# [Aim of the task]
In the records below, reproduce exactly the lines from the one containing "Weird Tales 301" through the one containing "Footage Soviet sport. (1941)", both included, and omit the pictures.

# [Material shown]
───

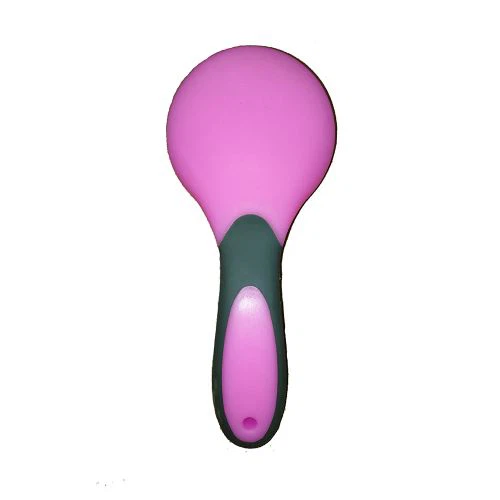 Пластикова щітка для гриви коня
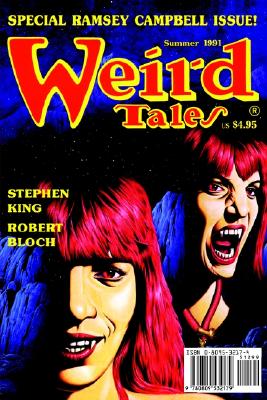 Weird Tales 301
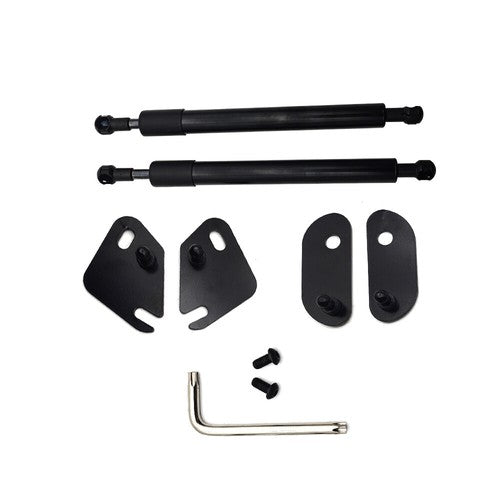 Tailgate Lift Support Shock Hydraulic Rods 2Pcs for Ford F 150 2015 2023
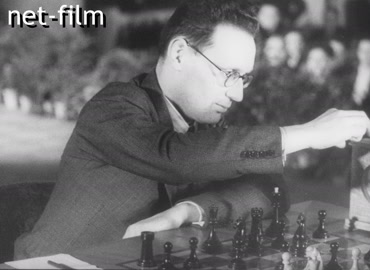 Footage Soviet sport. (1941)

───

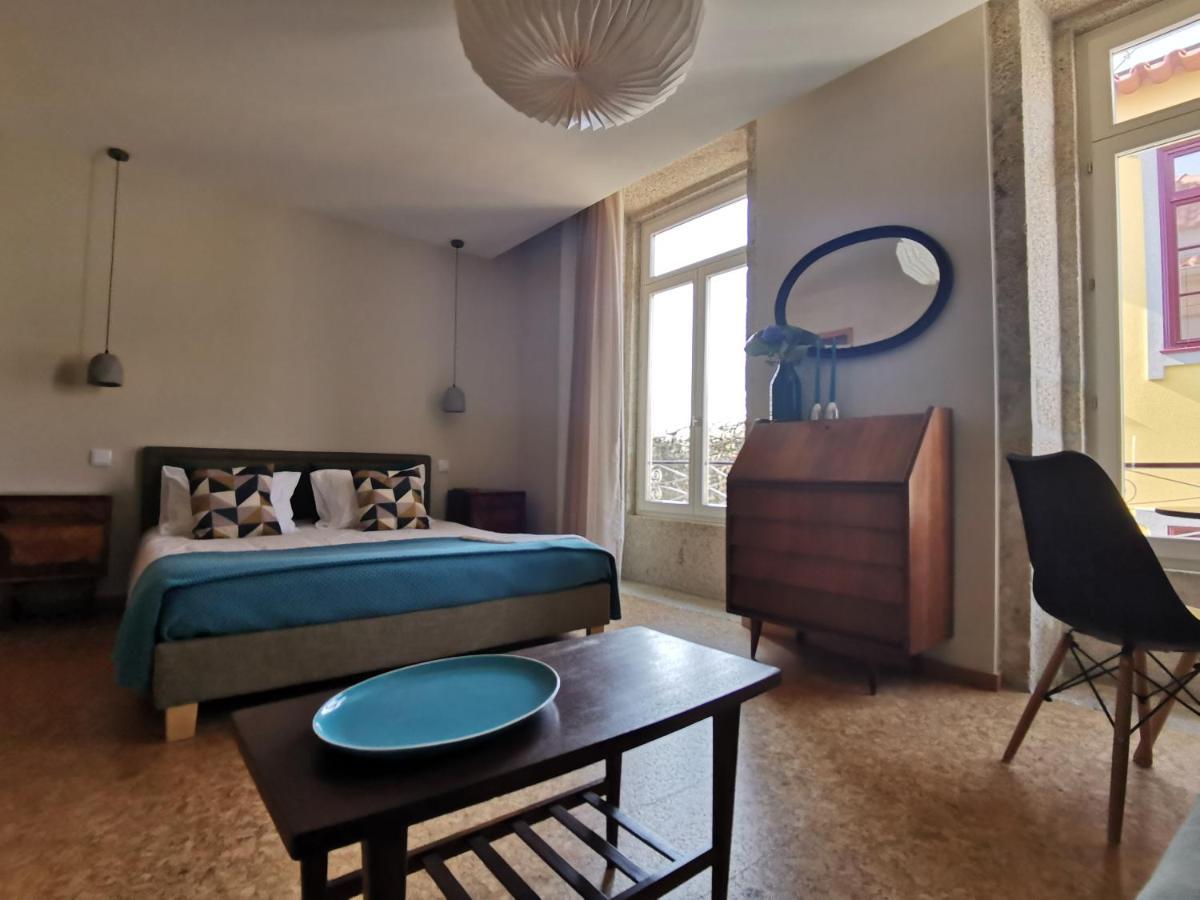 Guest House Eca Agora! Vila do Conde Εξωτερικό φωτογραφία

───

# [Answer to this problem]
 Weird Tales 301
 Tailgate Lift Support Shock Hydraulic Rods 2Pcs for Ford F 150 2015 2023
 Footage Soviet sport. (1941)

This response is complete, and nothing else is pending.